What the exercise asks
Every line below that holds "includes" must be copied.

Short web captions
——

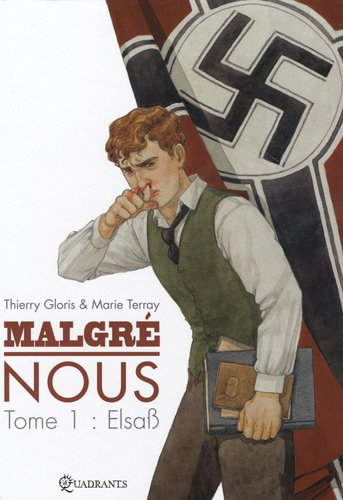 Malgré nous. Vol. 1. Elsass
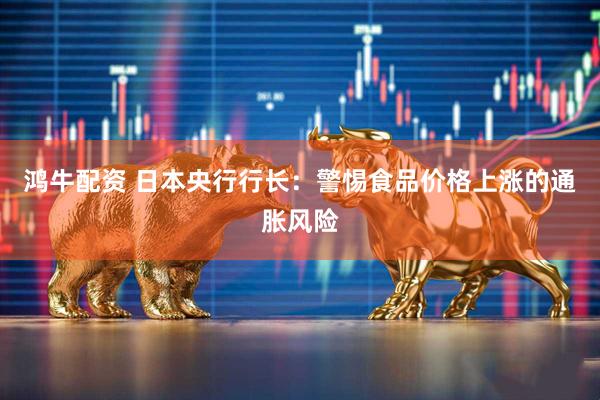 鸿牛配资 日本央行行长：警惕食品价格上涨的通胀风险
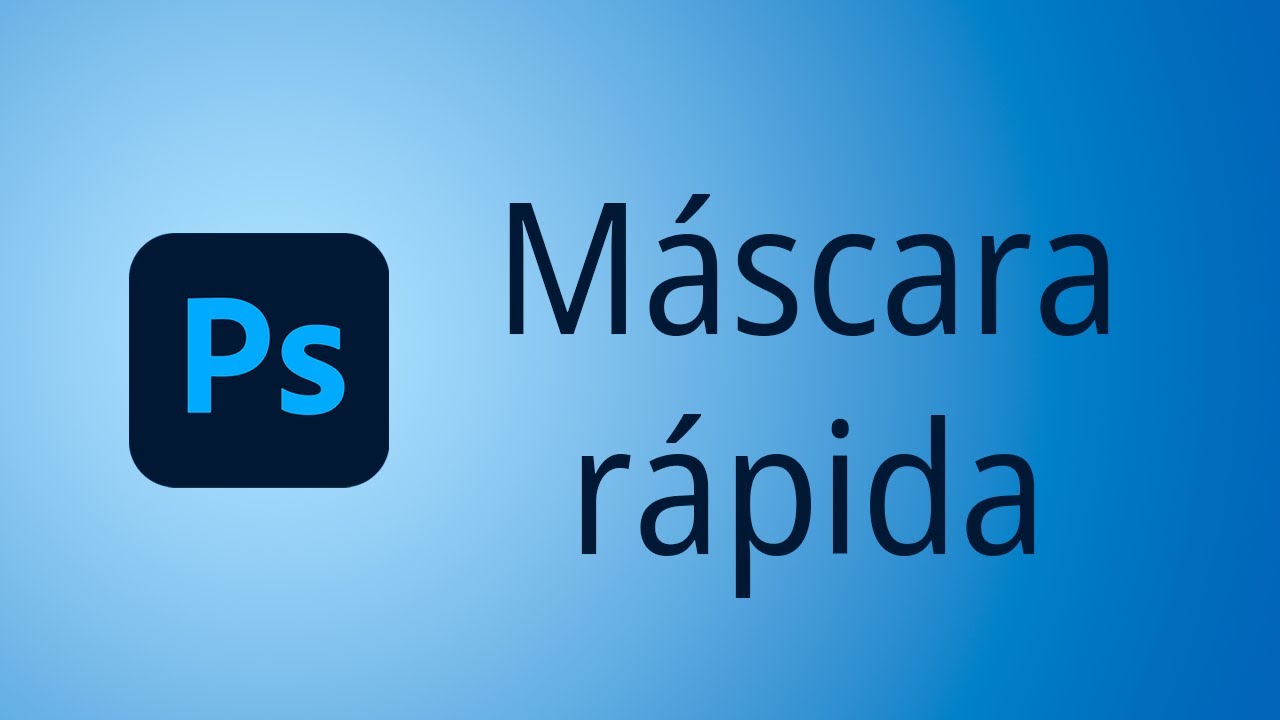 La MÁSCARA RÁPIDA en Photoshop
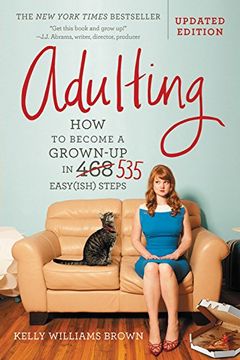 Adulting: How to Become a Grown-Up in 535 Easy(ish) Steps (en Inglés)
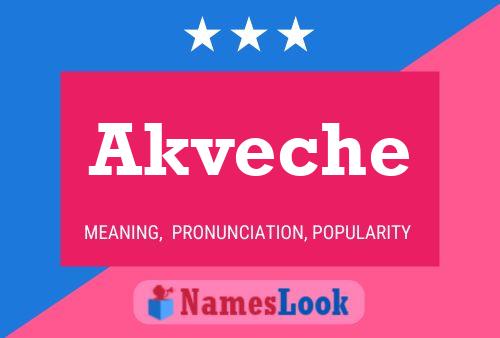 Akveche Name Poster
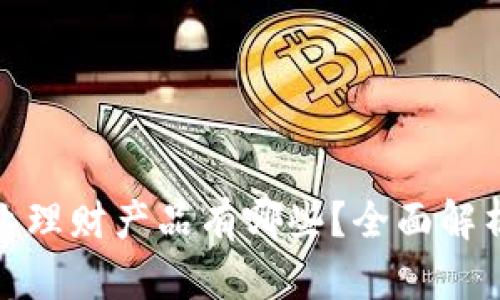 : 区块链企业理财产品有哪些？全面解析及行业前景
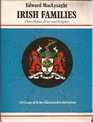 Irish Families Their Names Arms and Origins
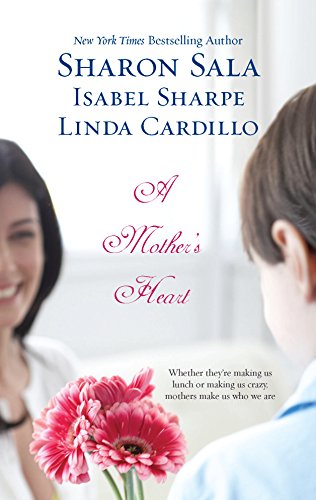 A Mother's Heart: An Anthology (9780373837311) by Sala, Sharon; Sharpe, Isabel; Cardillo, Linda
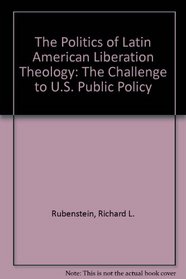 The Politics of Latin American Liberation Theology: The Challenge to U.S. Public Policy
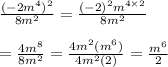 \frac{( - 2 {m}^{4} )^{2} }{8 {m}^{2} } =  \frac{ {( - 2)}^{2} {m}^{4 \times 2}  }{8 {m}^{2} }  \\  \\   =  \frac{4 {m}^{8} }{8 {m}^{2} }  =  \frac{4 {m}^{2} ( {m}^{6}) }{4 {m}^{2}(2) }  =  \frac{ {m}^{6} }{2}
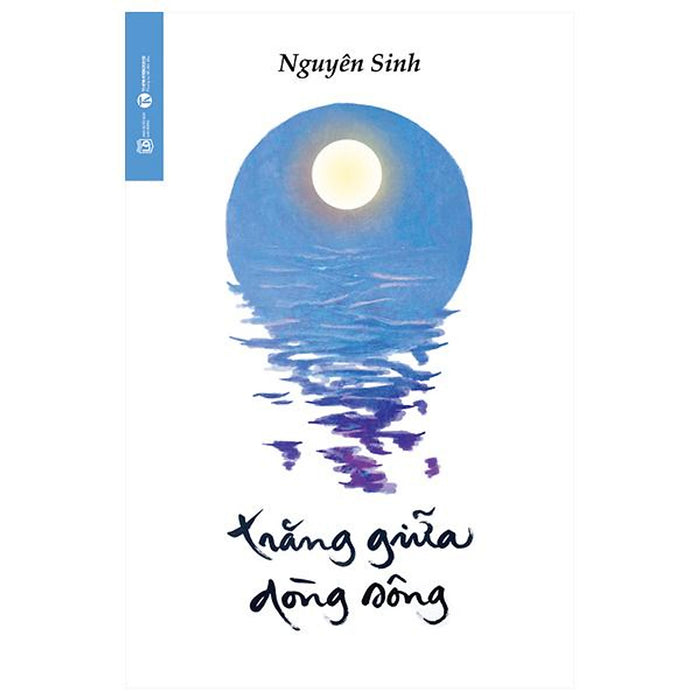 Trăng Giữa Dòng Sông Trăng Giữa Dòng Sông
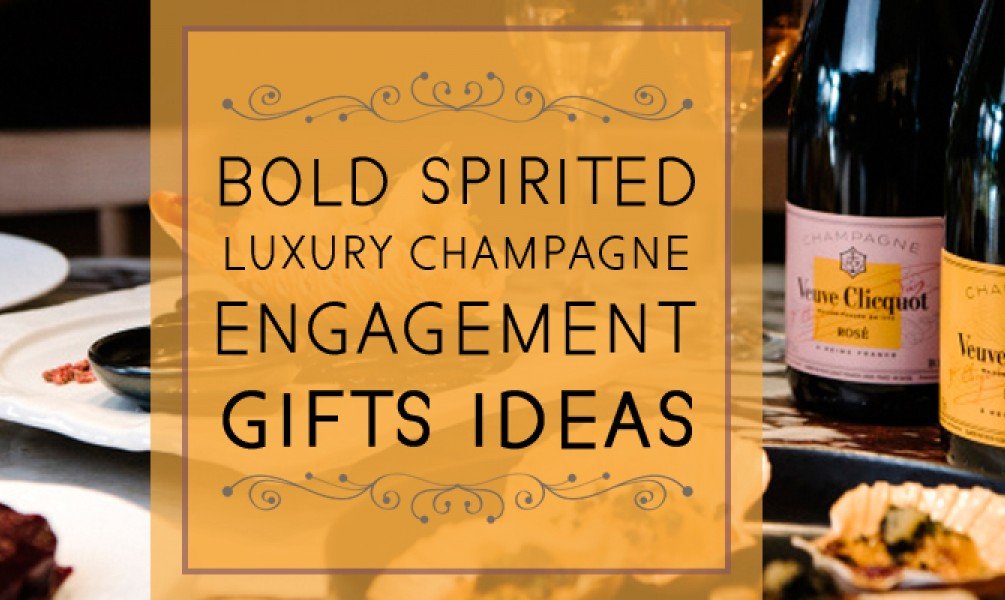 Bold Spirited Luxury-Champagne Engagement Gifts Ideas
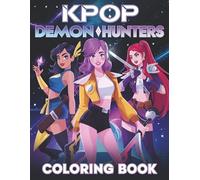 K-Pop’s De-mon's Hunters Coloring Book: Chilling Designs for Kids, Teens and Adults To Relax And Have Fun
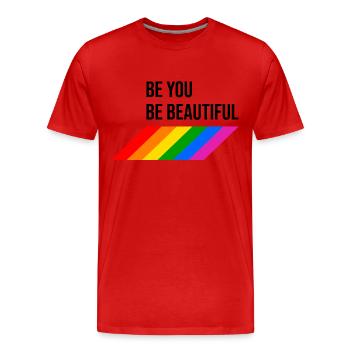 Be You Be Beautiful Regenbogen - Männer Premium Bio T-Shirt - Rot - Vorne - Damien (186cm)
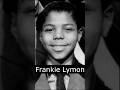 The Life And Death Of Frankie Lymon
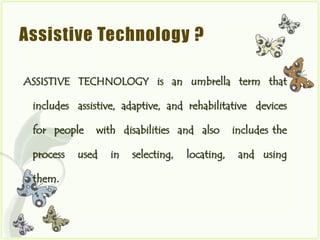 Assistive Technology ?

ASSISTIVE TECHNOLOGY is an umbrella term that

 includes assistive, adaptive, and rehabilitative devices

 for people   with disabilities and also        includes the

 process   used   in   selecting,   locating,    and using

 them.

——

Finished task
 includes assistive, adaptive, and rehabilitative devices
 for people   with disabilities and also        includes the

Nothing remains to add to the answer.